Arts & Culture

Album Review: Panda Bear

Panda Bear
Panda Bear Meets the Grim Reaper

2014 has been debated as a gap year for major musical releases, with fans across all genres patiently waiting and hoping that the class of 2015 will blow us away. All but two weeks into the year, we have a massive release from indie star Noah Lennox a.k.a. Panda Bear. With his fifth studio album Panda Bear Meets the Grim Reaper, Lennox displays a sonic weirdness that could only be found by one of the co-founders of Animal Collective.

Throughout the record, Lennox’s voice acts as a dreamy focal point. It’s like a metronome in the middle of an audial acid trip. No matter the surrounding sonic chaos that seems to test the listener throughout, there is always a safe point of return. Lennox providing that feeling of safety is fitting when considering that Panda Bear Meets the Grim Reaper is an album about middle age, fatherhood and the following responsibilities that such change brings.

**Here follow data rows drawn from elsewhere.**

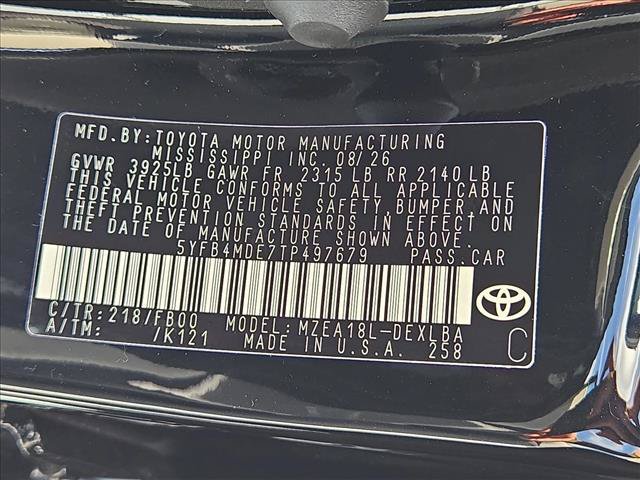 New 2026 Toyota Corolla LE FWD image 18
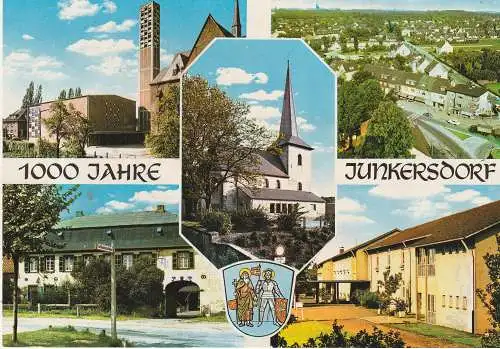 [Ansichtskarte] 5000  KÖLN - JUNKERSDORF, Großformat, 5 Ansichten. 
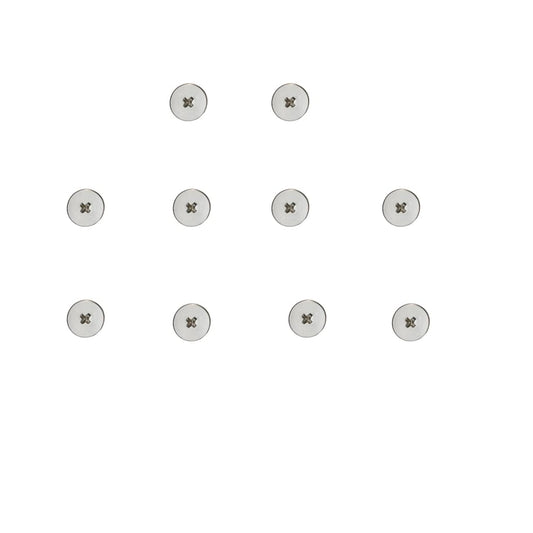 10pcs Screen Shaft Screws Replacement for Lenovo Y50 Y50-70 Series Laptop LCD Hinge Assembly Top Screws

Inevitably making an album with such themes sets Lennox up to revisit his father’s death in “Tropical Cancer” which feels like the album’s heartfelt climax. Lennox belts out maturely feelings of acceptance of his father’s brain cancer, claiming that even “Sick has to eat well too” in order to survive in this world. Through this, Lennox leaves the listener pondering about perceived relationships between the dichotomies of sickness and health, life and death.